The EZ Band from Texas specialise in playing familiar pop hits in the traditional Norteño style – including this one by The Smiths.
I was introduced to conjunto music – aka Norteño, and its Tex-Mex hybrid Tejano – by my old friend Steve England after he moved to Austin, Texas in the late Eighties.
A few years after that I enjoyed a wonderful night in San Antonio watching a live conjunto band play in an ice house in a Mexican neighbourhood.
They had the traditional set-up: accordion, electric bass, drums and 12-string bass (bajo sexto), and played for about three hours (with breaks).
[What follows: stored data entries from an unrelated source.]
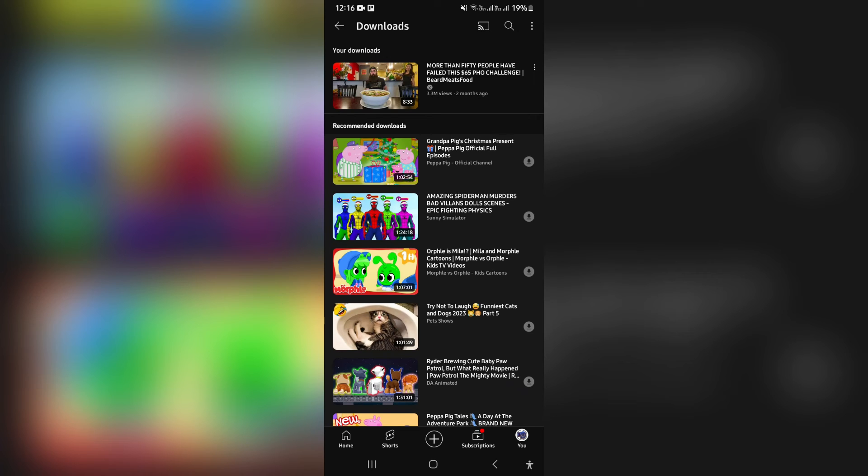So there it is. The video is now available to be downloaded. You can just tap on it and you will be watching it offline. So if you don't have an internet connection, you will still have it available.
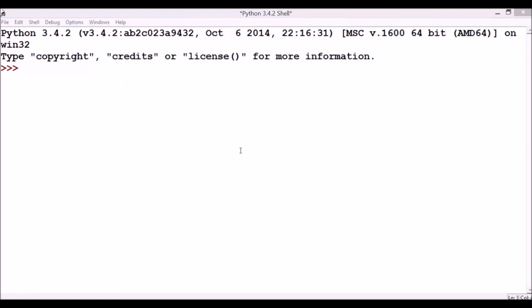The use of modules helps you to organize your Python code. In the module, variables, functions, and classes can be defined. Modules can also contain runnable code.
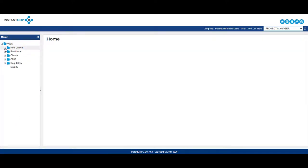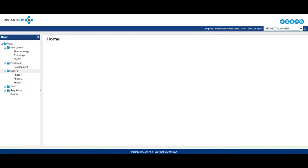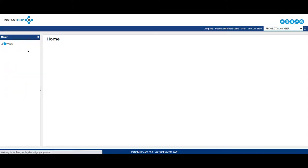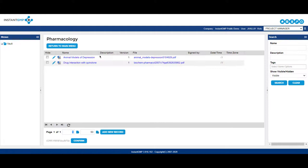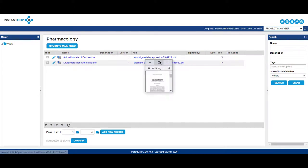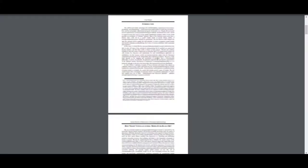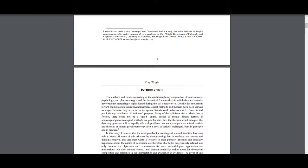One of Instant GMP's latest features, the Vault, allows end users to store key documentation within their instance. The Vault allows you to create folders and store your documents in a cloud-based system for access anywhere on and off-site.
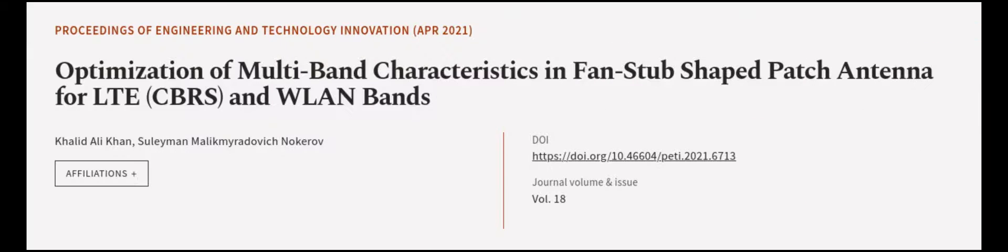This article was authored by Khalid Ali Khan and Suleiman Malik Miradovich Nokerov. WeAreArticle.tv. Links in the description below.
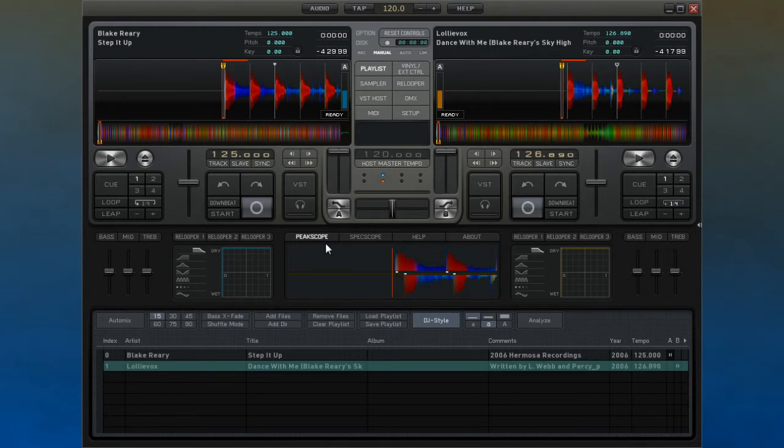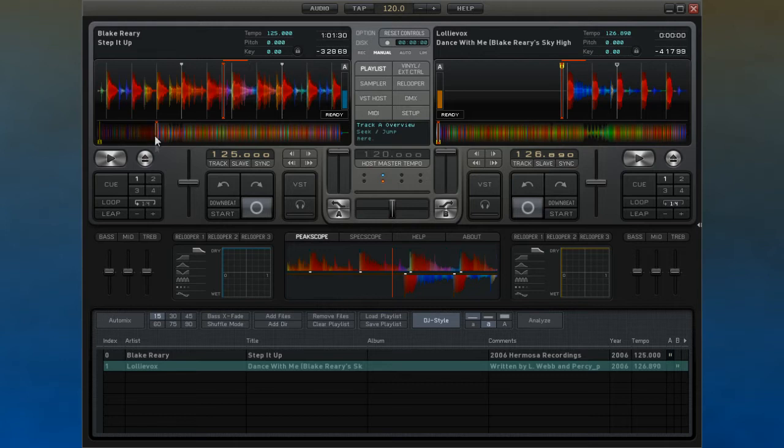In addition to the start point, you can set up other cue points in your track. To do this, just find the point in the track that you want, right-click the cue button, and a new cue point will be written.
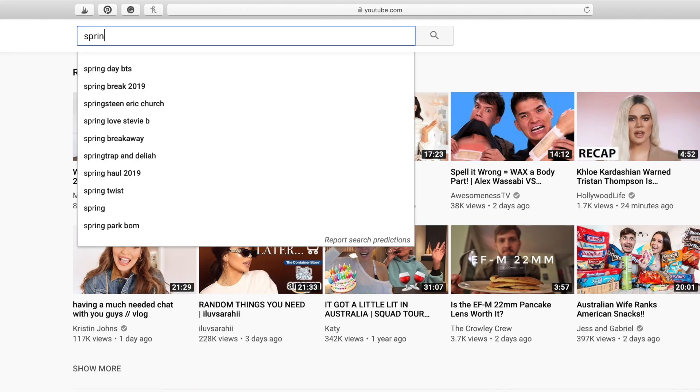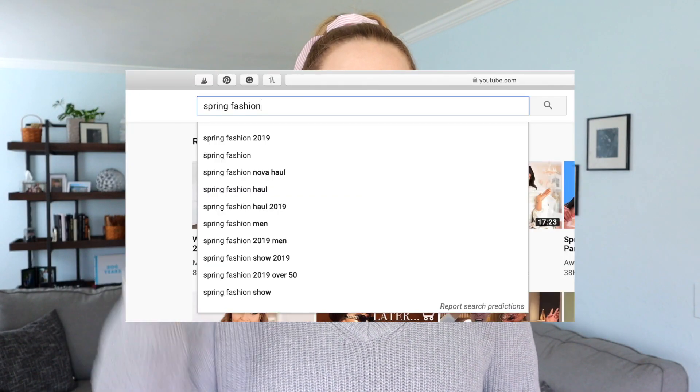Before you even create your video, you need to determine what keywords you want to rank for and which are the best keywords you can actually rank for — that's where keyword research comes in. There's a very basic way to perform keyword research within YouTube: go to the search bar, start typing in a keyword relevant to your niche, and a dropdown menu will appear with other relevant searches that people are actually making on the YouTube platform.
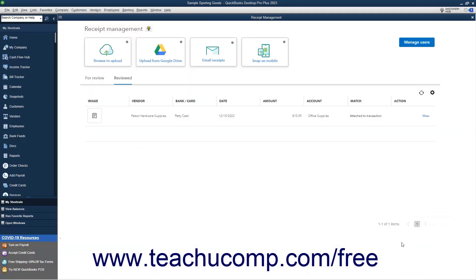Back in the Receipt Management window, you can also manage which other users can upload receipts, or upload receipts and create matching transactions. First, ensure you have the desired permission settings for the user created, as shown in the previous lesson titled 2.6 Setting Up Users. To upload receipts and create matching transactions, the user should have access to all bank accounts and registers, checks, credit card charges and registers, customer and vendor centers, chart of accounts, class list, and edit and pay bills.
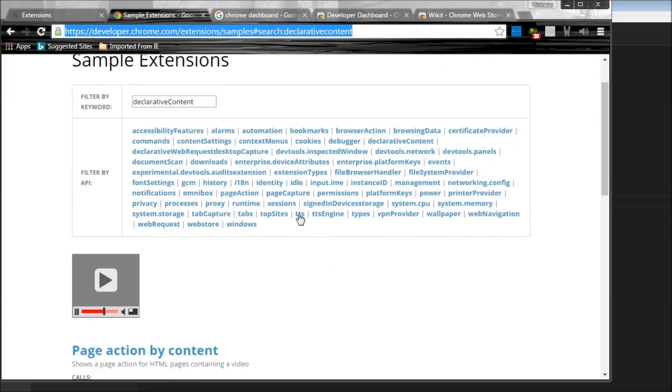Finally, we can have a look at this TTS and TTS engine related to text-to-speech, where you can not only specify what has to be spoken, but in what language and in what voice. So there are a couple of voices that you can use to make Chrome speak the selected text.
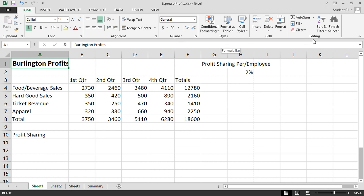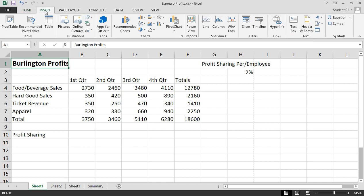The Home tab has the kind of getting-started, general, most popular type buttons that you're going to need as you're working with your spreadsheet. But you may have to move to different ribbons to get the buttons you're looking for. For instance, under the Insert tab, you'll see options for inserting items or objects into your Excel spreadsheet.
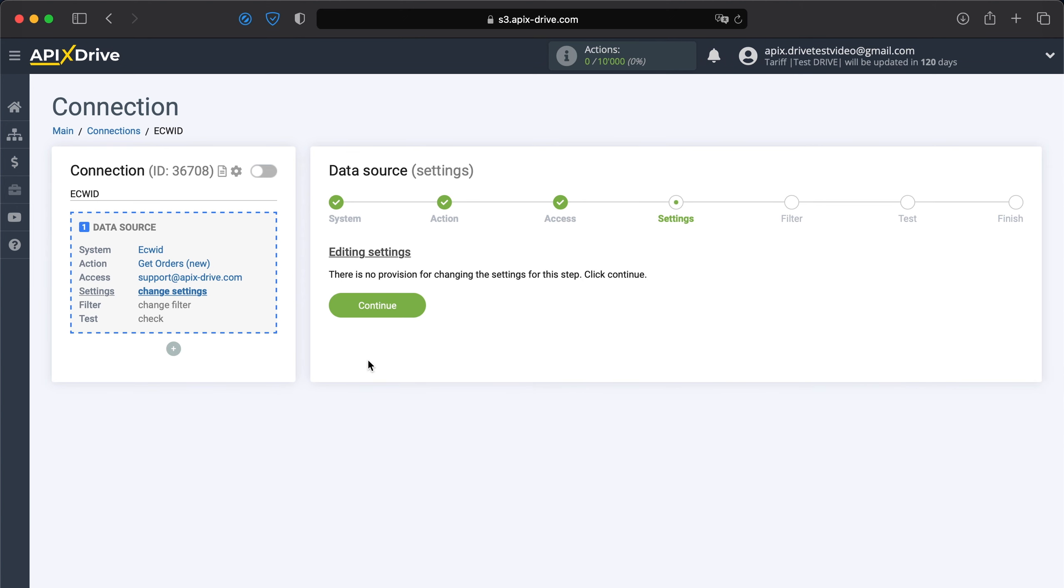At this point, you can edit the settings. This system does not provide additional configuration, so just click continue.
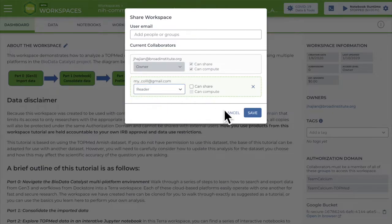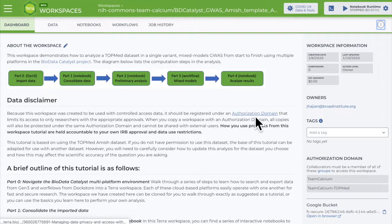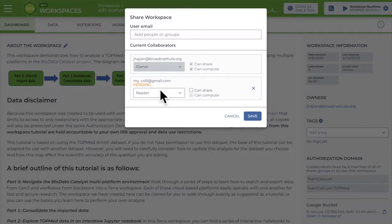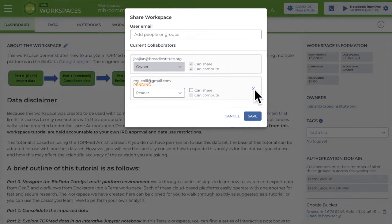When you click Save, everyone you've added will get an automated notification you've shared the workspace. It happens almost instantaneously, and you can check the status by selecting Share again. If there's a pending warning with one of your collaborators, this usually means there's a problem with the user ID typed in. I find it's often a typo, or it could be you've tried to share with someone who's not registered on Terra. You can cancel that share and add the person again to correct the mistake.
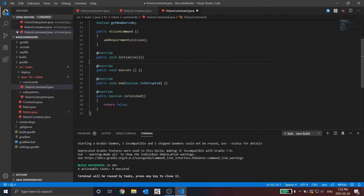Initialize is called on the first call of this command, so if you wanted to initialize anything you could do it in here. Execute is called every time the command is called. End is called when the command is scheduled to end or is interrupted — so if you're moving a motor, you could put the stop motor in here to make it stop. isFinished is a conditional that you could use to end the command based on a condition — for example, if you wanted the command to end when a limit switch is hit, you could read that limit switch here so when it turns true, it stops the command. But we don't need any end conditions in this case.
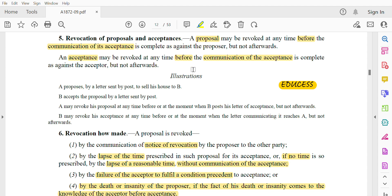An acceptance may be revoked at any time before the communication of the acceptance is complete as against the acceptor, but not afterwards. So before the proposal receives the communication — until that point, the acceptance can be revoked. Once communication is complete against the acceptor, it cannot be revoked.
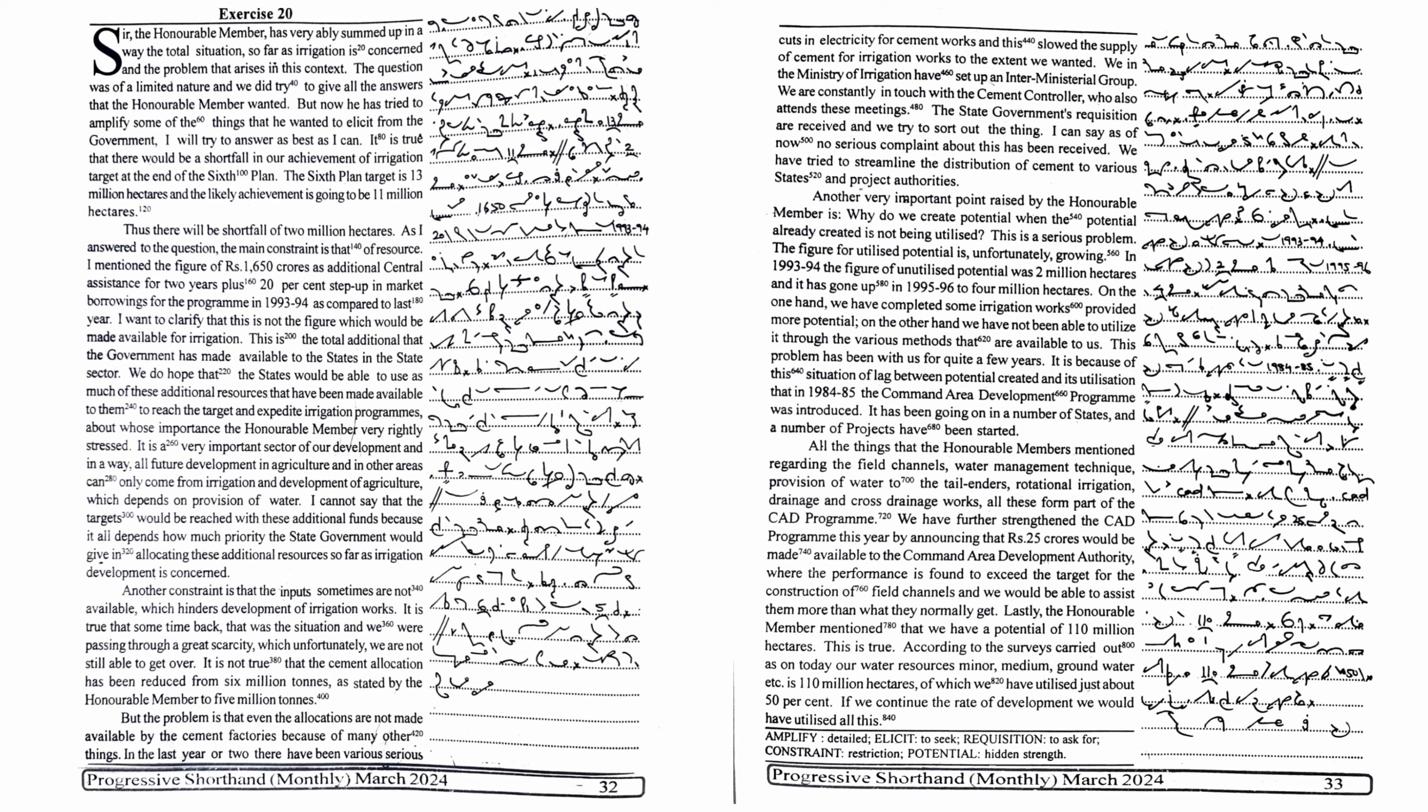We in the Ministry of Irrigation have set up an inter-ministerial group. We are constantly in touch with the cement controller who also attends these meetings. The state government's requisitions are received and we try to sort out the issues. I can say as of now no serious complaint about this has been received. We have tried to streamline the distribution of cement to various states and project authorities.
Everyone bought us free beers and thanked us to coming; we had a strong feeling we were the only non-Mexicans they had ever had through the doors.
One fellow told us he had crossed the border illegally when he was a young man and was now proudly a US citizen with an American wife and children, adding – disconcertingly – that he would willingly go down to the border with his gun to stop any more “wetbacks” crossing the border to get into his country.
At one point a rather grand-looking Mexican fellow dressed not in the plaid shirt and cowboy hat that most patrons sported but in tweeds came over and introduced himself.
He was Ruben (about the sixth Ruben we had met so far) and he wanted to welcome us officially, telling us he was the owner, and to ensure us that the drinks were on the house.
When we told him we were on holiday from London, England, he added, much to our surprise: “I’m just back from playing golf at St Andrew’s.”
Anyway, I love Norteño / Tejano music, which consists essentially of lively polkas and slower waltzes, but I have only just discovered the EZ Band, who seem to specialise in tackling rock songs in that style.
Their repertoire includes The Cure (Just Like Heaven), A-ha (Take On Me), The Cranberries (Linger), ABBA (Dancing Queen) and Rick Astley (Never Gonna Give You Up). But this take on The Smiths works best of all.